Extracted records:
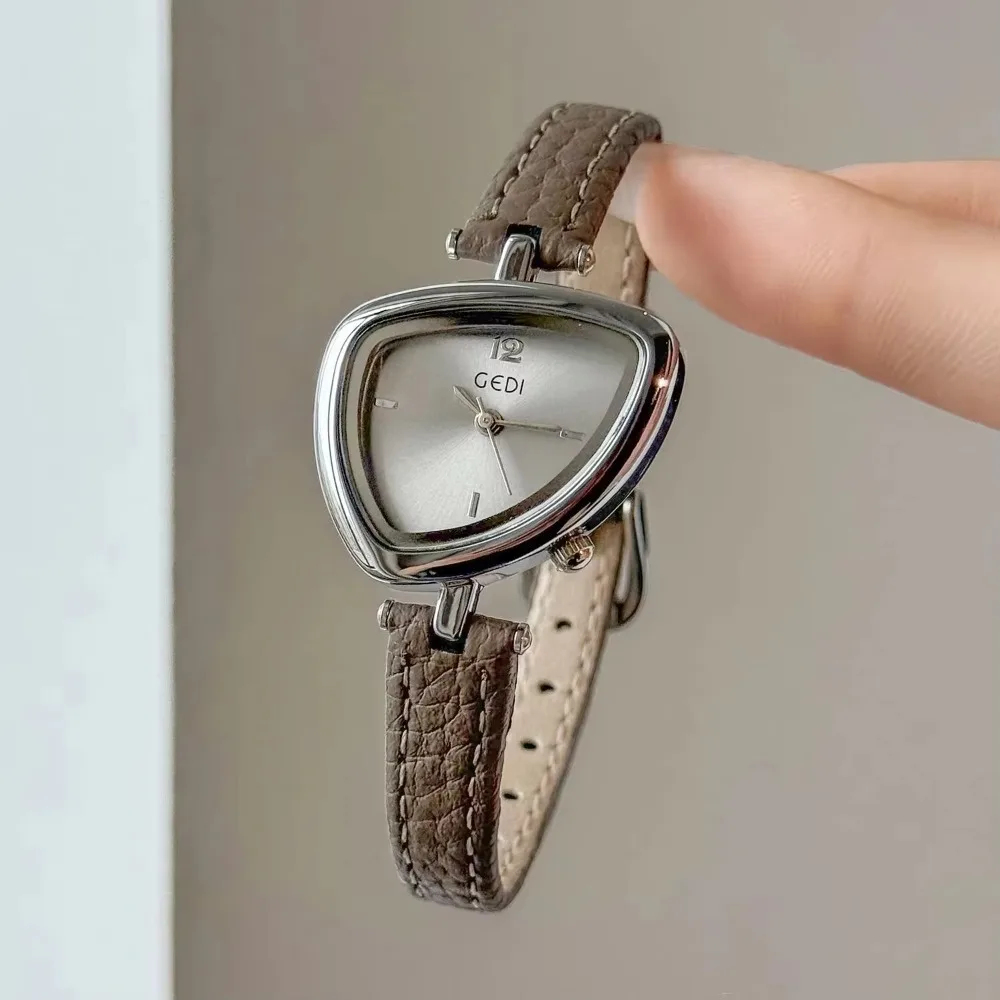 Quartz Movement Irregular Triangle Watch Leather Strap Small Dial Fashion Dress Watch Waterproof Asymmetrical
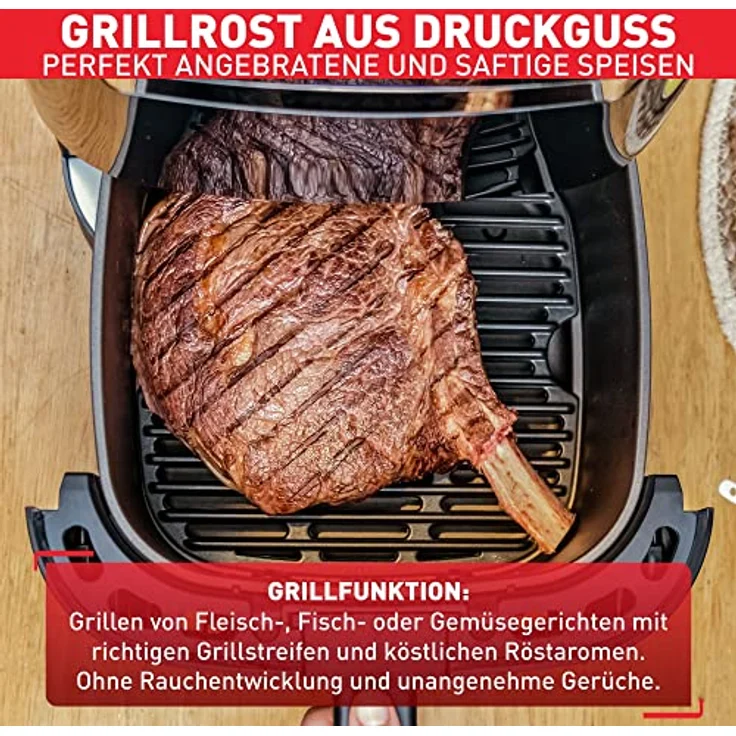 Tefal EY8018/4 Easy Fry & Grill XXL 2-in-1 Heißluftfritteuse 6,5L | Air Fryer und Grill | Flexcook-Einsatz für 2 Speisen gleichzeitig | gesunde Friteuse ohne Öl | energiesparend | 8 Programme | 8 Personen – Bild 4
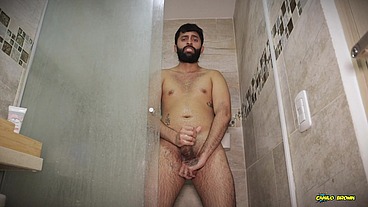 Hot Big Uncut Cock Daddy Camilo Brown Edging In The Shower And Shooting His Cum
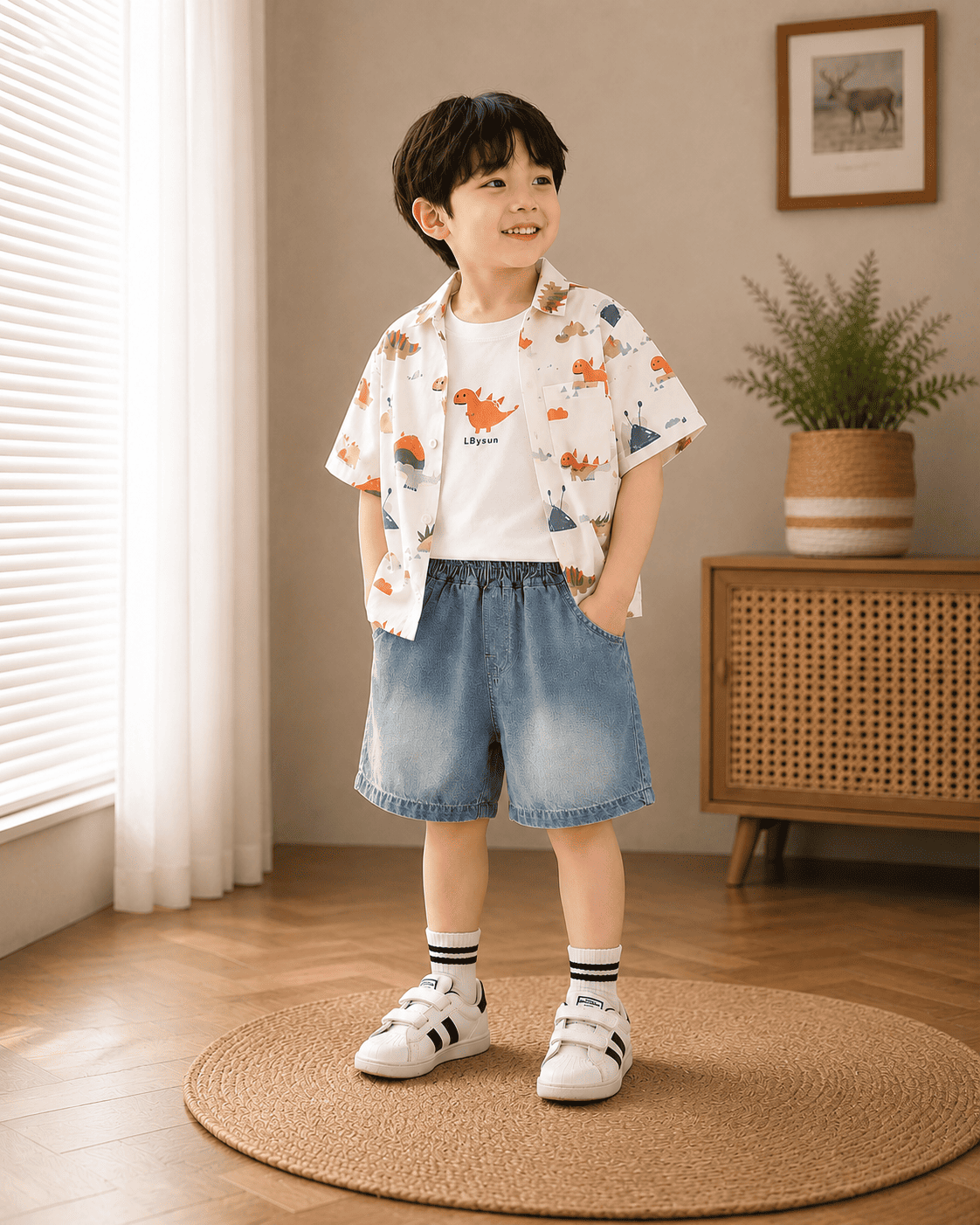 Print Cotton Shirt And Denim Shorts Set Mizzy - Kids Essentials Boys D2btdf An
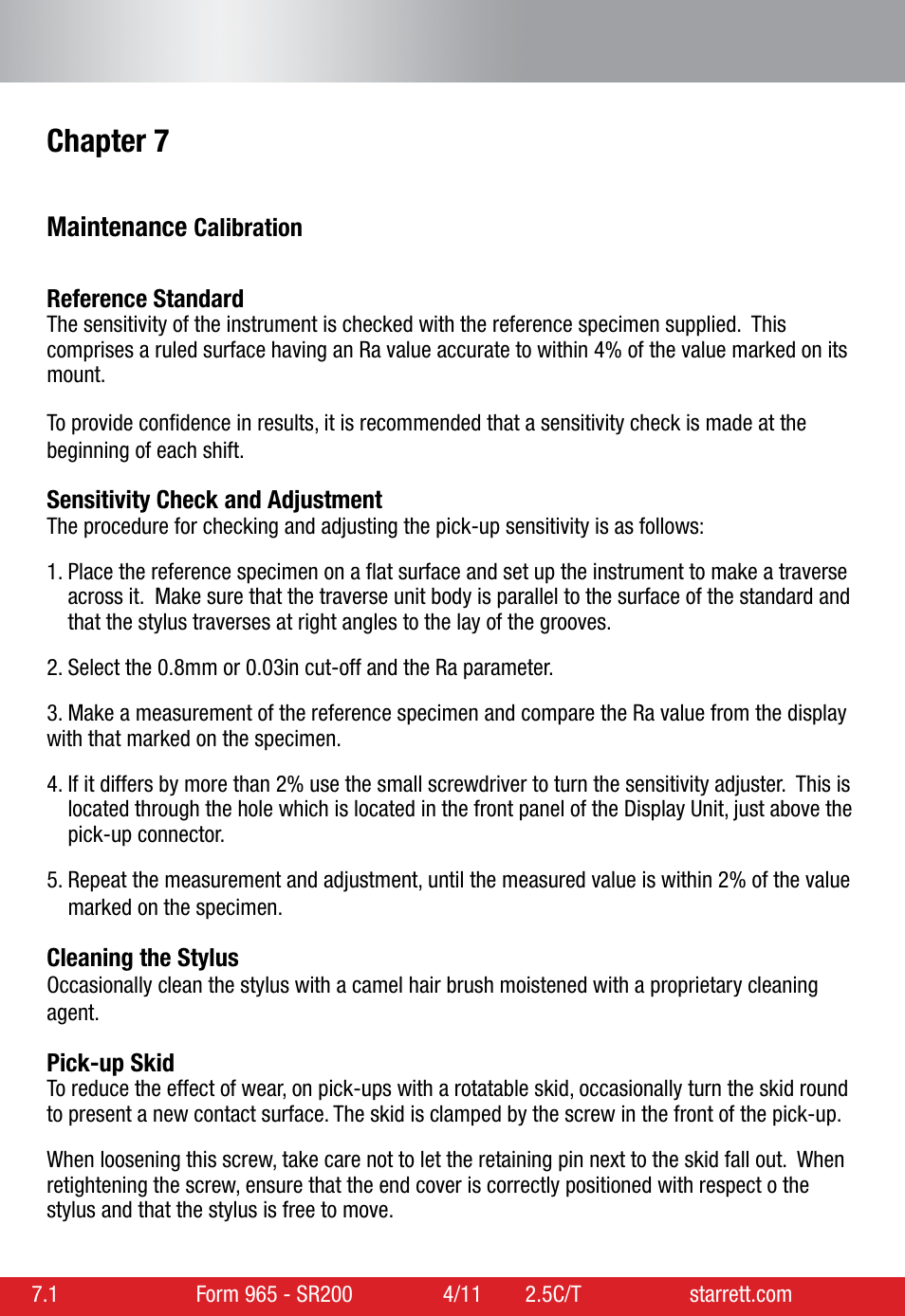 Chapter 7 | Starrett SR200 Surface Roughness Tester User Manual | Page 28 / 28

Requirement
The data above needs to be retyped exactly, with the images left out.

Answer box
 Quartz Movement Irregular Triangle Watch Leather Strap Small Dial Fashion Dress Watch Waterproof Asymmetrical
 Tefal EY8018/4 Easy Fry & Grill XXL 2-in-1 Heißluftfritteuse 6,5L | Air Fryer und Grill | Flexcook-Einsatz für 2 Speisen gleichzeitig | gesunde Friteuse ohne Öl | energiesparend | 8 Programme | 8 Personen – Bild 4
 Hot Big Uncut Cock Daddy Camilo Brown Edging In The Shower And Shooting His Cum
 Print Cotton Shirt And Denim Shorts Set Mizzy - Kids Essentials Boys D2btdf An
 Chapter 7 | Starrett SR200 Surface Roughness Tester User Manual | Page 28 / 28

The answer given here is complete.